Art. 949d CC : Recours à des délégataires privés dans l’exploitation du registre foncier informatisé

La disposition est conçue pour SIX Terravis, une situation de monopole de ce délégataire privé ayant été mise en place (voir ci-dessus).

Force est de constater que les offices du registre foncier (de même que ceux du registre du commerce) ne peuvent manifestement PAS être contactés par les plateformes de messagerie reconnues (comme nous l’avons démontré), mais exclusivement par la plateforme SIX Terravis et en relation avec le registre des officiers publics (RegOP) mis en place par la Confédération.

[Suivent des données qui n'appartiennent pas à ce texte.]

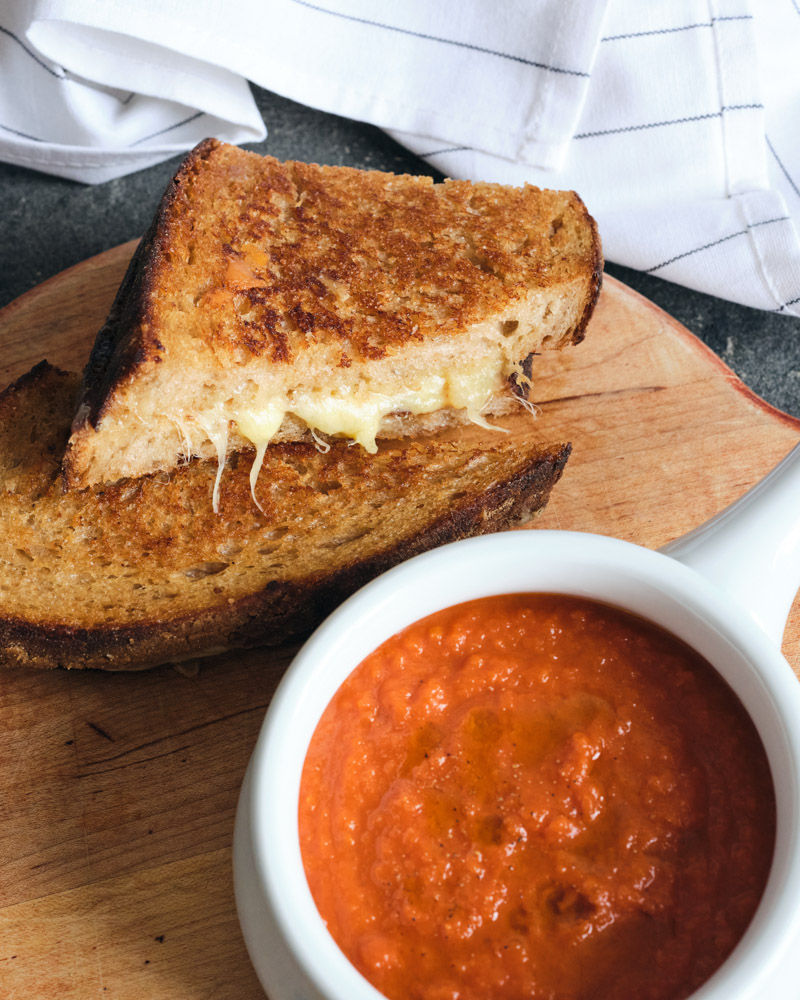 4 Ingredient Grilled Cheese And Tomato Soup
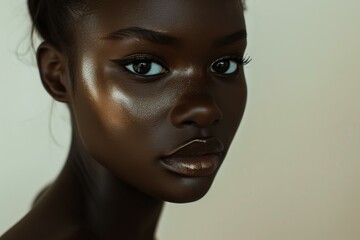 Poster - Close-up portrait of a young african woman with stunning, luminous skin against a neutral background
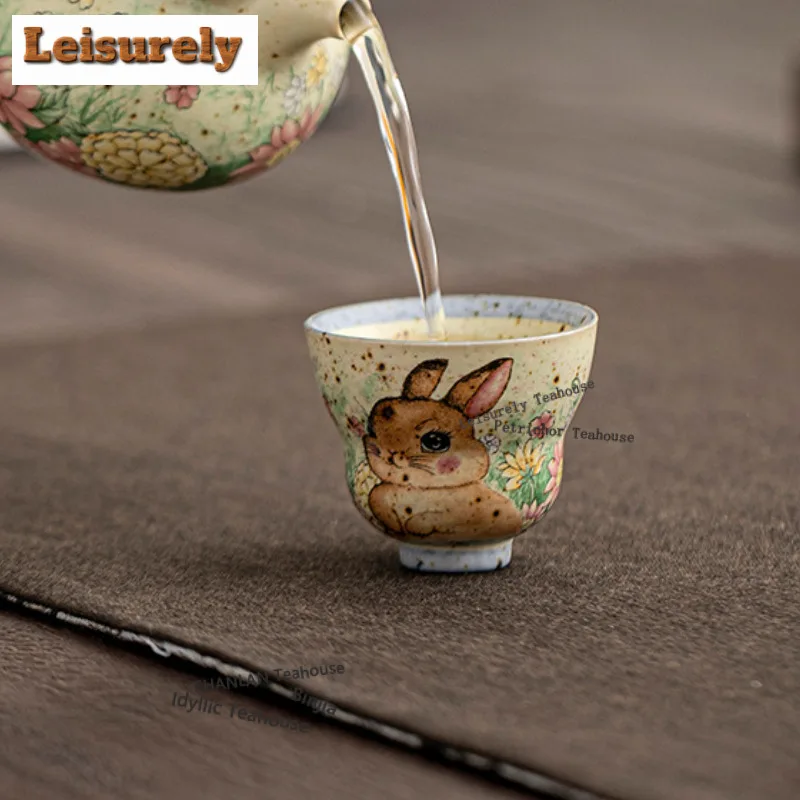 25ml Caramel Glaze Rabbit Flower-picking Gourd Teacup Luxury Tea Bowl Cute Cup Tea-tasting Smelling Cup Jianzhan Master Cups Cha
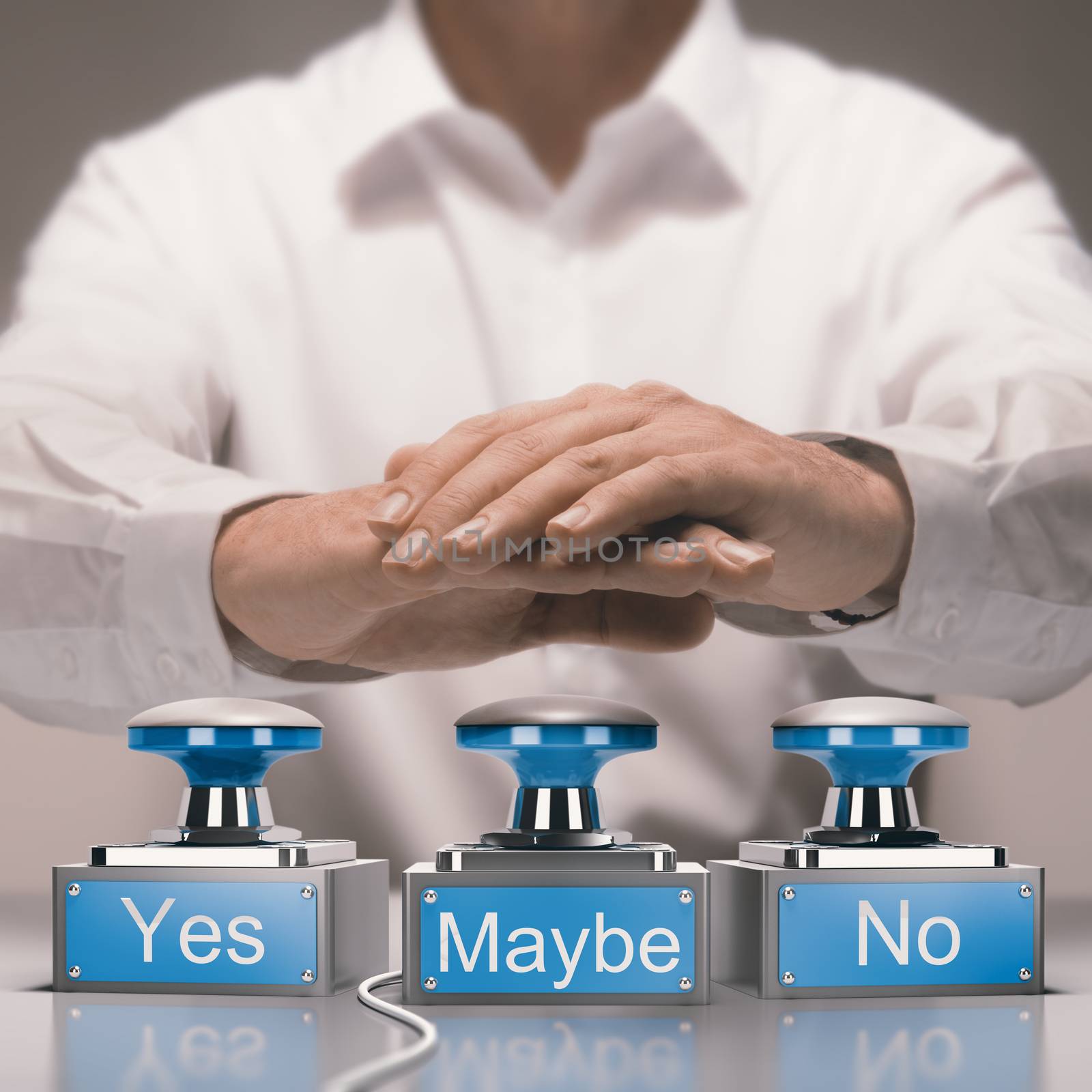 Quick Decision Making and Indecision Concept. Yes, No and Maybe  by Olivier-Le-Moal
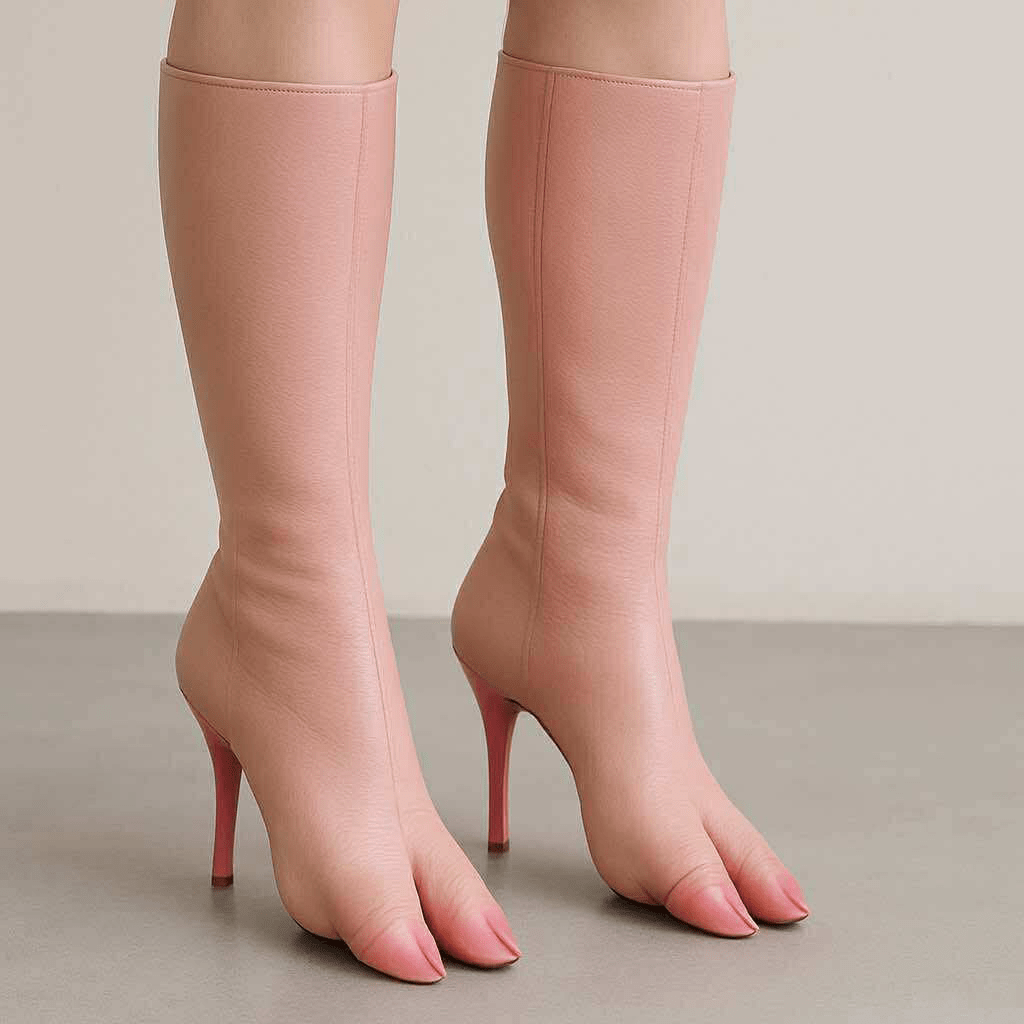 Pink high heel boots shaped like extended human toes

Il est illusoire de penser qu’il sera possible de faire respecter la souveraineté sur les données et d’exercer une surveillance ; cela ne pourra être contrôlé. Etant donné que le délégataire privé ne remplit pas et ne peut pas remplir les conditions d’une plateforme de messagerie reconnue, il peut inévitablement avoir accès aux données transférées. Même s’ils ne peuvent pas être enregistrées sur la plateforme, une collecte et un résumé des extraits et pièces justificatives du registre foncier par les banques, concernées en tant que parties au contrat et ayant un accès inconditionnel au registre foncier, apparaissent comme pratiquement certains, sans que les cantons ne puissent imposer leur souveraineté sur les données. Ce processus a d’ailleurs déjà été amorcé.

 

Conclusion

  • La tenue du registre foncier est une tâche relevant impérativement de la souveraineté publique des cantons devant être exercée sous la haute surveillance de la Confédération. Un transfert (partiel) de l’exercice des prestations relatives à la tenue du registre foncier viole ce principe.
  • Les cantons ne sont plus maîtres de leurs données.
  • La sécurité n’est pas améliorée suite au transfert des droits d’accès à un délégataire privé, mais affaiblie.
  • Le contrôle du délégataire privé est, de fait, impossible.
  • Les dispositions n’ont aucun lien avec une augmentation de l’efficacité dans la tenue du registre foncier et sont, hormis pour les banques, dénuées d’utilité pratique ; en revanche, elle porte les germes d’un haut potentiel d’abus.
  • L’identification des personnes, resp. des parties au contrat, n’est pas du domaine de la tenue du registre foncier, mais est de la compétence des officiers publics. L’introduction de l’identifiant des personnes (numéro AVS) n’est par conséquent pas nécessaire.
  • L’utilisation systématique des données des propriétaires fonciers n’est pas nécessaire pour la tenue du registre foncier et l’utilisation du numéro AVS est par conséquent inadmissible.
  • L’introduction du numéro AVS n’est ni plus ni moins qu’une variante moderne de mise en connexion d’informations. Le besoin de tout relier correspond à un souhait du monde informatique, mais pas à une nécessité de l’ordre juridique.
  • Le concept de la stratégie e-Government prévu dans l’Ordonnance sur le registre foncier est inadapté pour la tenue du registre foncier et doit faire l’objet d’une nouvelle réflexion.
  • Dans la mesure où il implique Terravis, le projet concernant les art. 949b-d CC n’est pas susceptible de faire l’objet d’un compromis ; il doit donc être intégralement rejeté.